Pelosi Indicates She Would Support Sanders as Nominee

Elections
House Speaker Nancy Pelosi holds her weekly news conference in Washington, D.C., February 13, 2020. (Jonathan Ernst/Reuters)

House Speaker Nancy Pelosi said Wednesday that she would be comfortable with Senator Bernie Sanders as the Democratic nominee for president despite hesitation among some lawmakers in her party.

“Yes,” Pelosi responded as she left a closed-door meeting in the House when asked whether she would be comfortable with the self-described democratic socialist leading the ticket.

“I think whoever our nominee is, we will enthusiastically embrace and we will win the White House, the Senate and the House,” the California congresswoman added.

A day earlier, Senate minority leader Chuck Schumer indicated he too would be comfortable with Sanders as the party’s nominee.

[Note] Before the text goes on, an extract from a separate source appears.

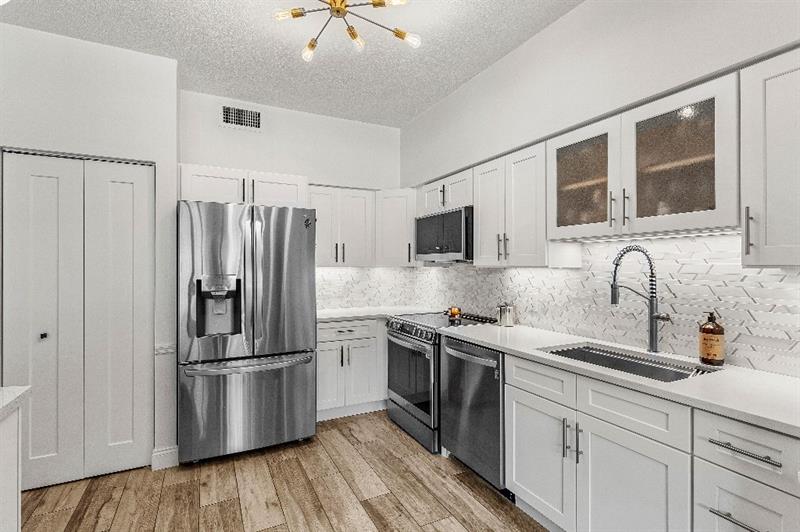 5780 Coach House Circle Boca Raton FL 33486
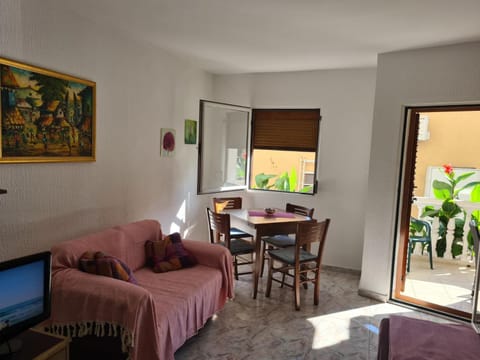 Communal lounge/ TV room, TV and multimedia, Seating area, Dining area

“We have a lot of strong nominees,” Schumer said. “I’m not supporting one over the other, but I think every one of them will beat President Trump.”

Sanders this week sought to fend off bipartisan flack over comments he made praising aspects of the regime of late Cuban Communist leader Fidel Castro.

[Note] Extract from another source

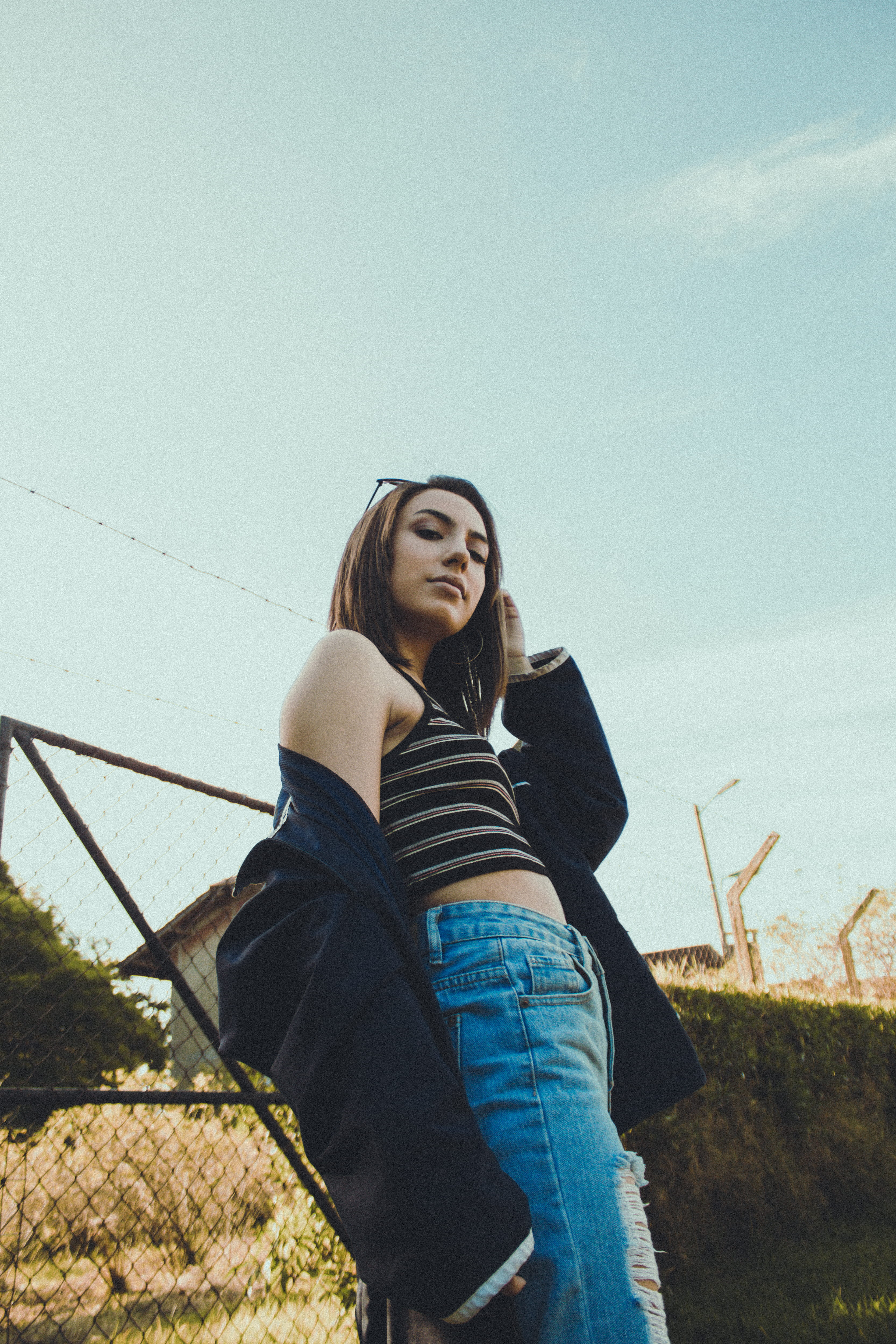 cool, real people, adult, standing, young women, outdoors, editorial, leisure activity, campo, field, urban, nature, women, low angle view, model, land, Phone HD Wallpaper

In the 1980s, Sanders claimed that part of the reason the Cuban people did not help the U.S. overthrow Castro’s regime was that the authoritarian leader provided them with health care and education.

“We’re very opposed to the authoritarian nature of Cuba, but, you know, it’s unfair to simply say everything is bad,” Sanders said Sunday on CBS when confronted with his decades-old comments. He went on to praise Castro’s “massive literacy program,” saying, “Is that a bad thing even though Fidel Castro did it?”

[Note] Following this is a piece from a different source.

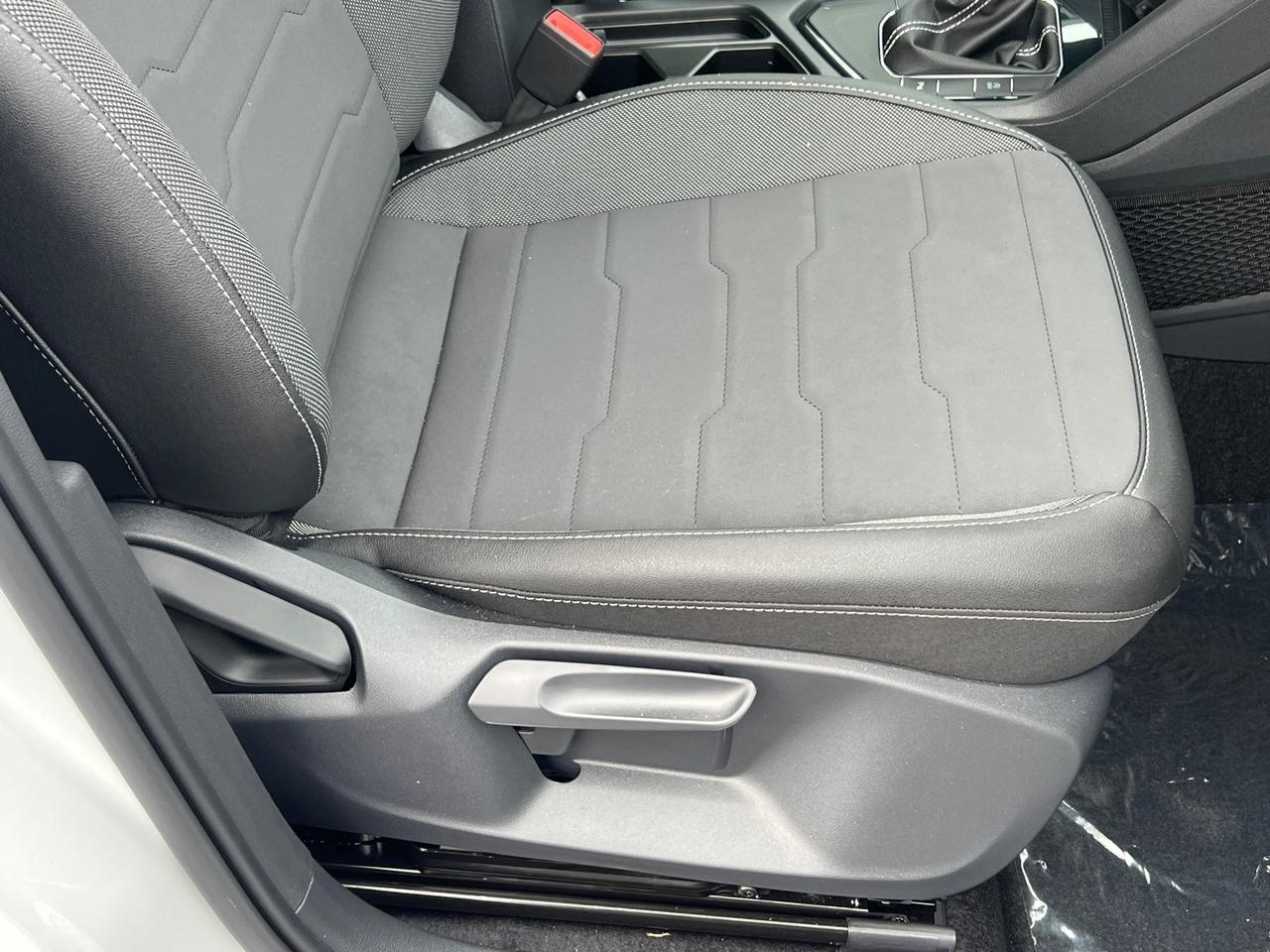 2025 Volkswagen Taos 1.5T SE Hagerstown MD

Sanders doubled down during Tuesday’s Democratic debate, even invoking remarks by former president Barack Obama in 2016 commending the regime’s education and healthcare systems.

“I’m hoping that in the future, Senator Sanders will take time to speak to some of my constituents before he decides to sing the praises of a murderous tyrant like Fidel Castro,” said Representative Donna Shalala, a Florida Democrat.

Sanders currently holds a hefty lead over the pack of Democratic 2020 contenders, polling at 29.2 percent nationally, well over the 18 percent support enjoyed by former vice president Joe Biden, who led the field for months last year.

The progressive independent tied with former South Bend, Ind. mayor Pete Buttigieg in the Iowa caucuses and went on to win the New Hampshire primary and Nevada caucuses earlier this month.